Supervised discretization with Rust

PyPI version shields.io

The discrust package provides a supervised discretization algorithm. Under the hood it implements a decision tree, using information value to find the optimal splits, and provides several different methods to constrain the final discretization scheme.

The package draws heavily from the ivpy package, both in the algorithm and the parameter controls. Why make another package? This package serves as a proof of concept of building a python package using Rust and pyo3. Additionally the goal is for this package to better align with the scikit-learn API, and possibly be used in other Rust based credit score building tools.

Usage

The package has a single user facing class, Discretizer that can be instantiated with the following arguments.

  • min_obs (Optional[float], optional): Minimum number of observations required in a bin. Defaults to 5.
  • max_bins (Optional[int], optional): Maximum number of bins to split the variable into. Defaults to 10.
  • min_iv (Optional[float], optional): Minimum information value required to make a split. Defaults to 0.001.
  • min_pos (Optional[float], optional): Minimum number of records with a value of one that should be present in a split. Defaults to 5.
  • mono (Optional[int], optional): The monotonicity required between the binned variable and the binary performance outcome. A value of -1 will result in negative correlation between the binned x and y variables, while a value of 1 will result in a positive correlation between the binned x variable and the y variable. Specifying a value of 0 will result in binning x, with no monotonicity constraint. If a value of None is specified the monotonicity will be determined the monotonicity of the first split. Defaults to None.

The fit method can be called on data and accepts the following parameters.

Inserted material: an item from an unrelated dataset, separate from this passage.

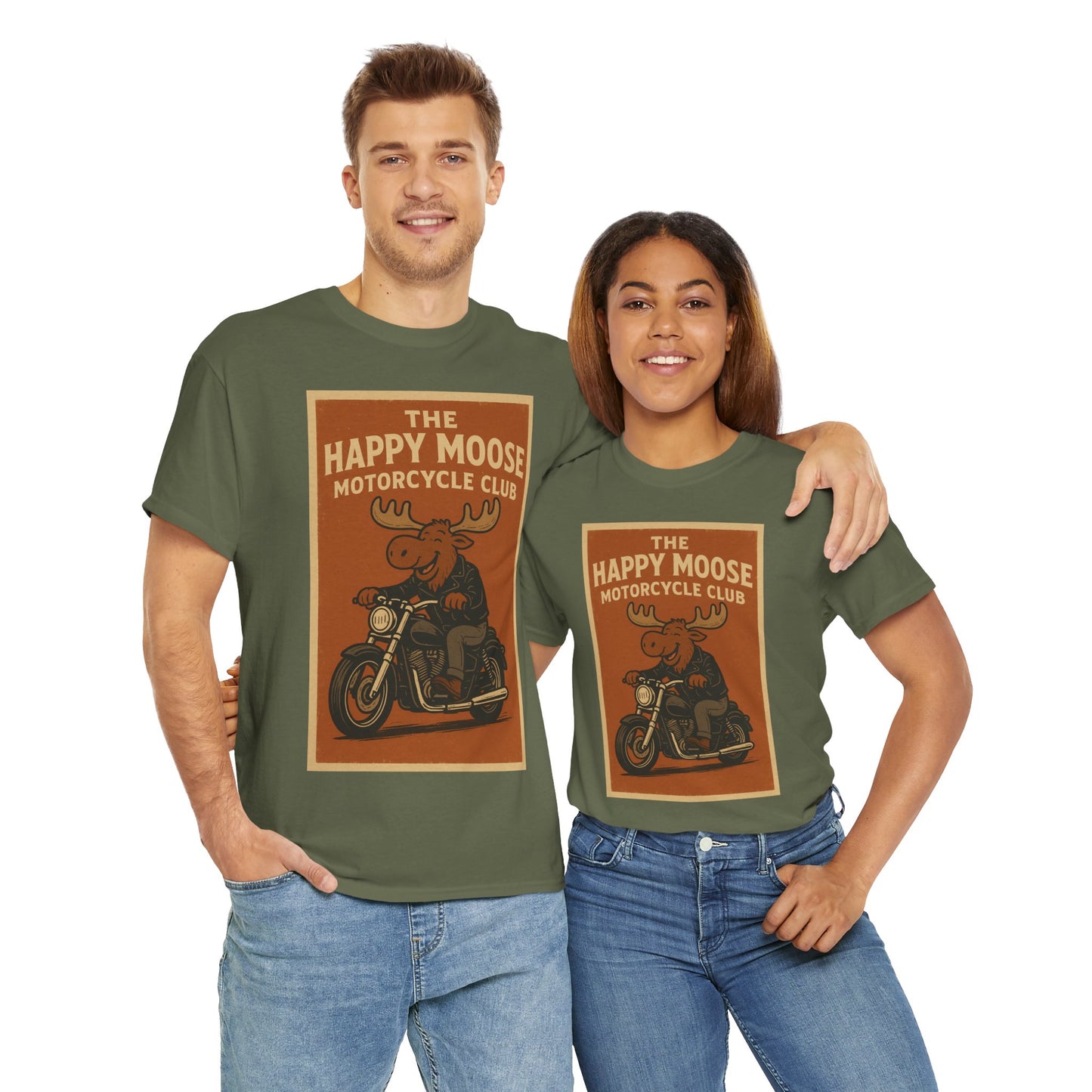 "Ride with style in the Happy Moose Motorcycle Club T-Shirt. Premium comfort, bold biker design—perfect for riders & fans alike."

  • x (ArrayLike): An arraylike numeric field that will be discretized based on the values of y, and the constraints the Discretizer was initialized with.
  • y (ArrayLike): An arraylike binary field.
  • sample_weight (Optional[ArrayLike], optional): Optional sample weight array to be used when calculating the optimal breaks. Defaults to None.
  • exception_values (Optional[List[float]], optional): Optional list specifying exception values. These values are held out of the binning process, additionally, their respective weight of evidence, and summary information can be found in the exception_values_ attribute once the discretizer has been fit.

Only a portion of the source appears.